Genus of elasmosaurid plesiosaurs

Marambionectes (meaning "Marambio Island swimmer") is an extinct genus of weddellonectian elasmosaurid plesiosaur from the Late Cretaceous López de Bertodano Formation of Antarctica. The genus contains a single species, M. molinai, known from a partial skeleton.

== Discovery and naming ==
The Marambionectes holotype specimen, IAA-Pv 752, was discovered in 2018 in sediments of the López de Bertodano Formation (unit 9) near on Marambio (Seymour) Island of James Ross Archipelago, Antarctica.

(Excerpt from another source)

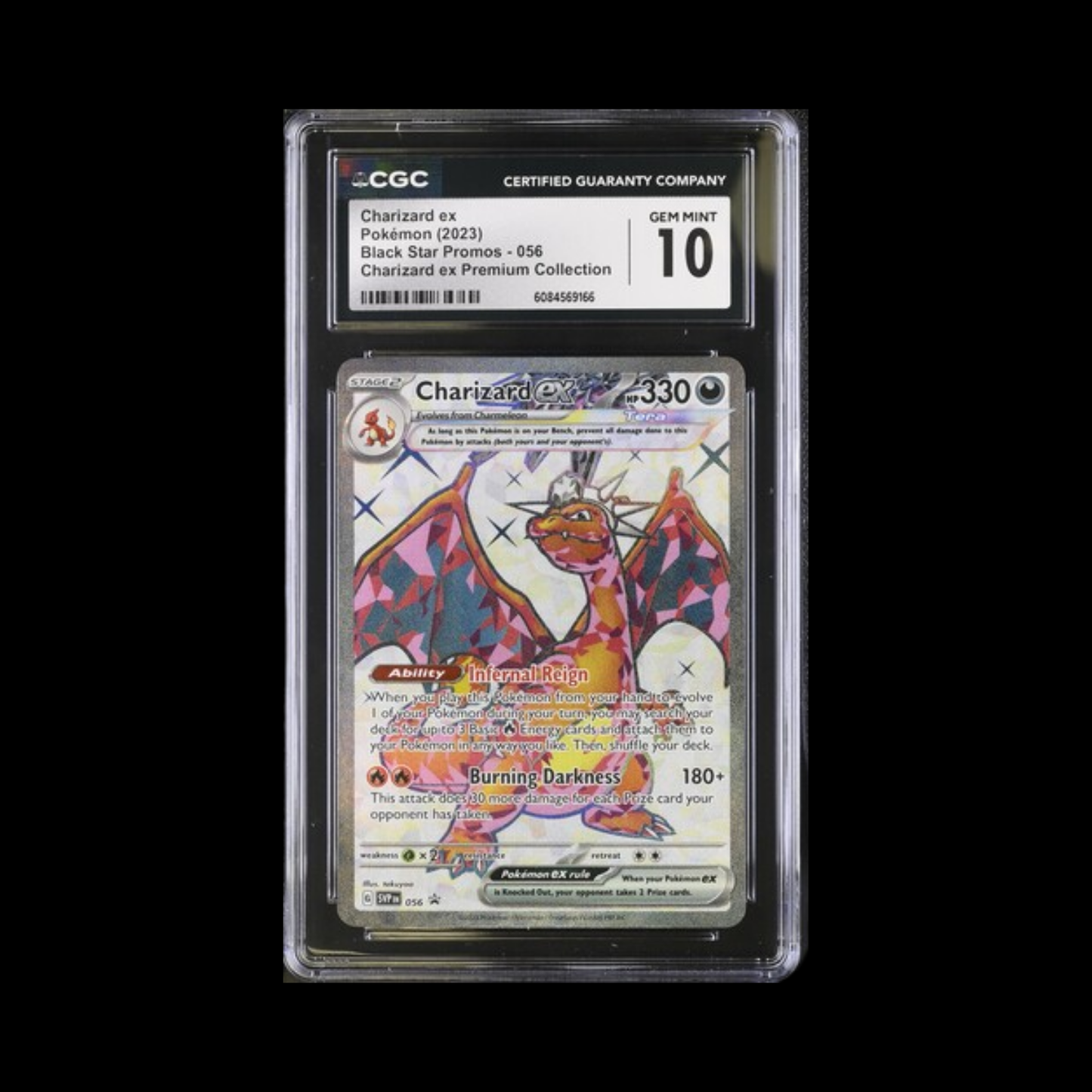 Pokemon Slab Charizard 056 2023 CGC 10 Gem Mint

The specimen is partially articulated and incomplete, consisting of the basioccipital, mandible, some teeth, cervical, pectoral, dorsal, and caudal vertebrae, ribs, an ilium, the right humerus and ulna, and a femur. The specimen belongs to an adult animal.

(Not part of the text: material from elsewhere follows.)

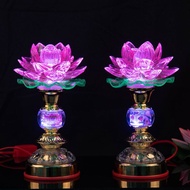 Led Colorful Lotus Lamp For Buddha Changming Plug-In Guanyin Lotus Lamp Changming Lamp Household Bud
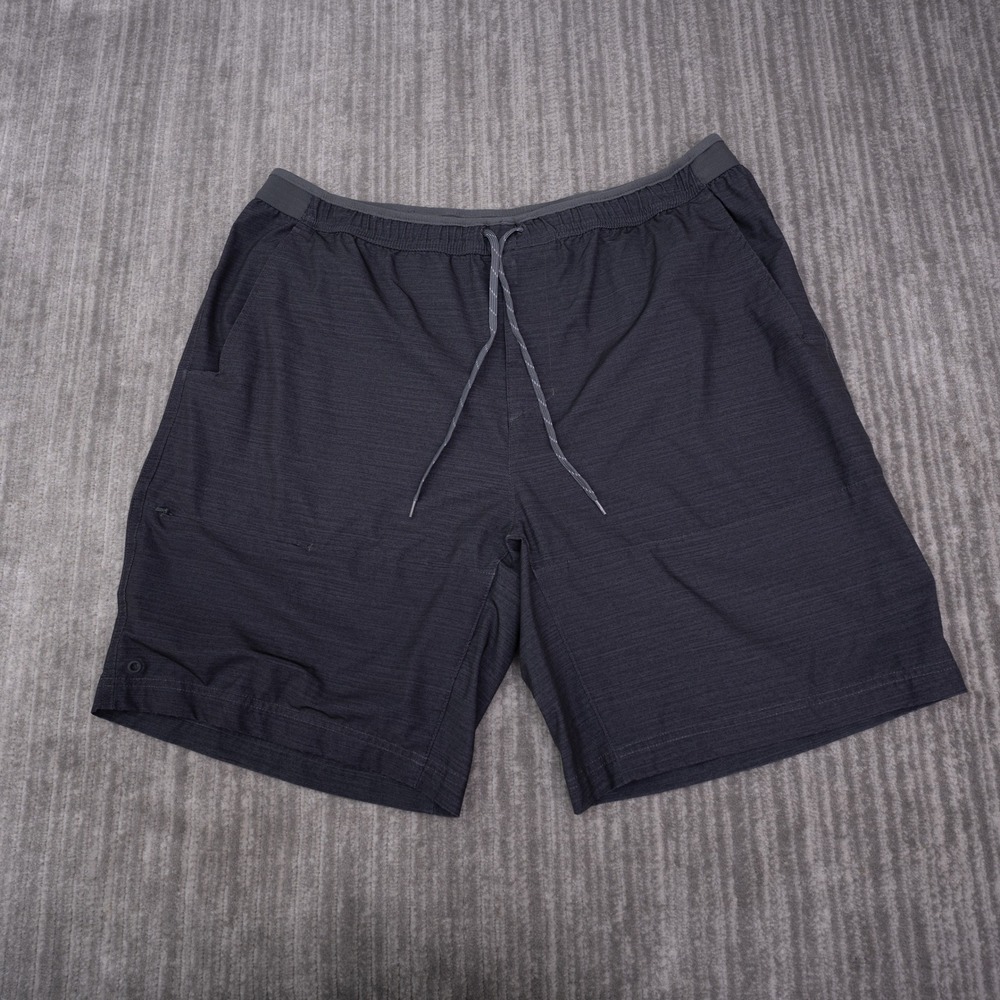 Columbia Shorts Mens XL Gray Excellent Drawstring Active Hiking Pockets Stretch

In 2024, O'Gorman and colleagues described Marambionectes molinai as a new genus and species of elasmosaurid plesiosaur based on these fossil remains. The generic name, Marambionectes, combines a reference to Marambio Island, where the fossil material was found, with the Greek word "nectes", meaning "swimmer". The specific name, molinai, honors the Argentinian fossil preparator Omar J. Molina and his Antarctic field work.

== Classification ==
In their phylogenetic analyses, O'Gorman et al. (2024) recovered Marambionectes as a derived member of the elasmosaurid clade Weddellonectia, as the sister taxon to the Aristonectinae. Nearly identical results were recovered by O'Keefe et al. (2025) in an updated version of this phylogenetic matrix, with Marambionectes as the aristonectine outgroup. These results are shown in the cladogram below. The ⊞ button can be clicked to expand the node.

== Controversies ==
The description of Marambionectes created controversy within the paleoart community when the
researchers used AI-generated images to depict the species.